I happen to have produced many books of photographs. I work with others on them—people I trust to a certain extent—and I leave it to them to do the recomposition (as, for example, with Shashin yo, Sayonara [Farewell, Photography; 1972]). The work becomes more vivid than when I do it myself. If I do it myself, I cannot avoid being influenced by memory; I strain to stave off that impulse and inadvertently create a palpable tension—and the outcome is often odd! Whereas when I work with a third party—or even someone more removed—filtering the images through their eyes, the photographs come alive, I think. Photographs that I’ve taken ten years ago even now seem vivid. If an image is good, it is brought back to life by the feelings of the viewer.

IV: What about the function of the photograph as information? Your work, especially from the 1970s, had so much to do with destabilizing this aspect of photography.

DM: Photographs of any generation are in a basic sense, at that moment, information. Photography is underpinned by information. No matter how conceptual a photograph may be, it contains information at its most fundamental level. But the means by which information is communicated is specific to each generation. A recently shot photograph is just as viable to me as one shot ten years ago.

IV: Do you make a distinction between the different media in which your work appears—magazines and books, exhibitions?
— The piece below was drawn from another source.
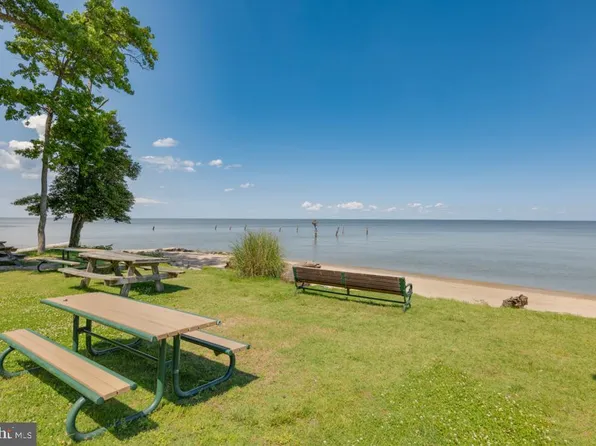 5025 Chavez Ln, Chesapeake Beach, MD 20732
DM: I don’t generally make a distinction between them. A magazine has a particular objective, namely it is about the now. In that sense, it uses the information aspects of photographs. And depending on the editorial direction, the photographs may radically change. So if the editorial direction of a particular magazine doesn’t sit well with me, I don’t allow my photographs to be used in it. But in principle, whether a photograph is framed and mounted as part of an exhibition or shown in a photo-book or magazine—these are just different modalities of the same image. Each is interesting in its way. For that reason, I don’t place a lower ranking on magazines. At times, in fact, the magazine reproduction has been the best format for an image, trumping other forms. Again, what interests me is seeing my photographs in a manner that makes them seem different. And in the magazine context, if the photograph doesn’t come alive, it doesn’t necessarily mean there was something wrong with the editorial direction; it probably means the photographs aren’t that strong. There are two sides of a coin.